Porém, não aqui Brasil, onde a taxa de câmbio sofreu forte depreciação (chegou a ficar perto de R$ 5,90), possivelmente por conta das falhas na gestão da saúde pelo governo e dos excessos nas políticas de estímulo econômico.

Alguns fatores ajudam a reduzir a percepção de risco do país, como as exportações turbinadas pelos embarques da agropecuária e da indústria extrativa (petróleo e minerais); as surpresas com o crescimento da economia, em parte resultantes do avanço de reformas estruturais; a redução mais rápida da inflação em comparação ao mundo, fruto das boas notícias da produção agropecuária e do trabalho do Banco Central; e a continuidade da agenda de reformas, com destaque para a tributária, de implementação do IVA, cujo debate foi aprofundado no governo anterior.

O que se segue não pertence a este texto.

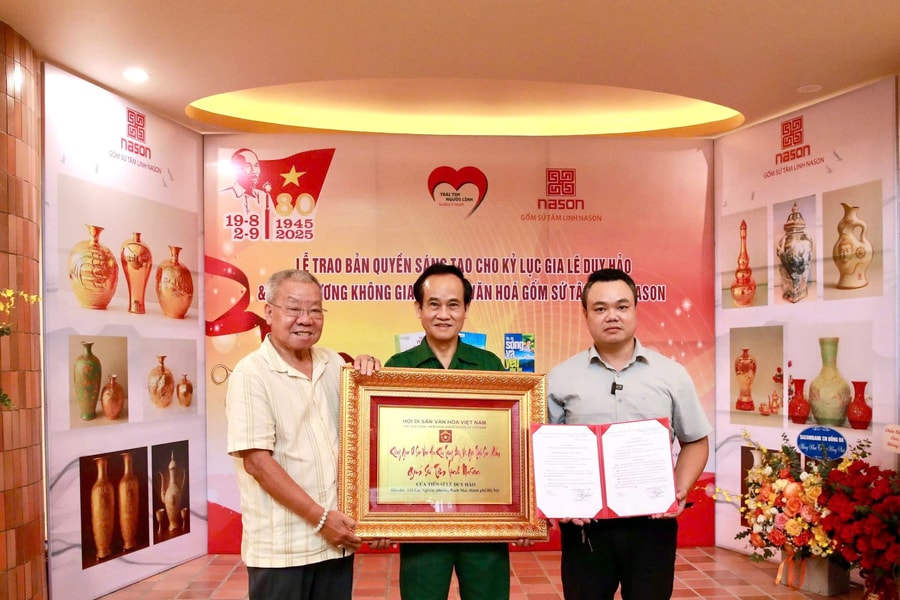 Không gian Văn hóa Di sản Gốm sứ NASON: Điểm đến mới ở Hà Nội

Este último ponto tem um grande valor, pois demonstra um amadurecimento paulatino do país, protegendo a agenda econômica do ciclo político.

Há, portanto, boas notícias internamente que permitem o país se beneficiar do quadro externo.

Valem duas mensagens importantes aqui. Primeiro, as boas surpresas de 2023 tiveram modesta relação com conquistas do atual governo. Há muito a ser entregue para elevar o potencial de crescimento, ambientalmente sustentável, do país e para promover a igualdade de oportunidades. Essas agendas não estão muito claras.

Segundo, o grande nó fiscal pode até não ter machucado o ambiente econômico este ano, até porque seus efeitos colaterais por vezes tardam a aparecer. Mas há custos envolvidos, como os juros mais elevados para trazer a inflação para a meta e a maior vulnerabilidade a choques, especialmente considerando a baixa qualidade do gasto público.

Que em 2024 tenhamos mais coragem para enfrentar nossas fraquezas.